# Exercise
Copy every line of the data below exactly as given, except for the pictures.

Pictures with short captions
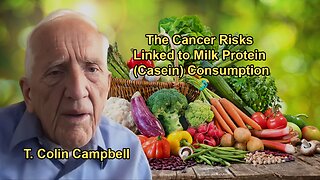 Casein and Cancer - The Hidden Dangers of Milk Protein With Dr. T. Colin Campbell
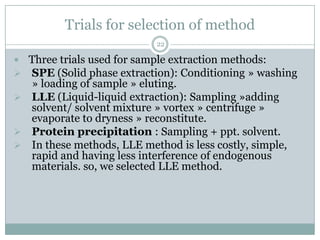 Trials for selection of method
                            22

 Three trials used for sample extraction methods:
 SPE (Solid phase extraction): Conditioning » washing
  » loading of sample » eluting.
 LLE (Liquid-liquid extraction): Sampling »adding
  solvent/ solvent mixture » vortex » centrifuge »
  evaporate to dryness » reconstitute.
 Protein precipitation : Sampling + ppt. solvent.
 In these methods, LLE method is less costly, simple,
  rapid and having less interference of endogenous
  materials. so, we selected LLE method.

# Response to this exercise
 Casein and Cancer - The Hidden Dangers of Milk Protein With Dr. T. Colin Campbell
 Trials for selection of method
                            22

 Three trials used for sample extraction methods:
 SPE (Solid phase extraction): Conditioning » washing
  » loading of sample » eluting.
 LLE (Liquid-liquid extraction): Sampling »adding
  solvent/ solvent mixture » vortex » centrifuge »
  evaporate to dryness » reconstitute.
 Protein precipitation : Sampling + ppt. solvent.
 In these methods, LLE method is less costly, simple,
  rapid and having less interference of endogenous
  materials. so, we selected LLE method.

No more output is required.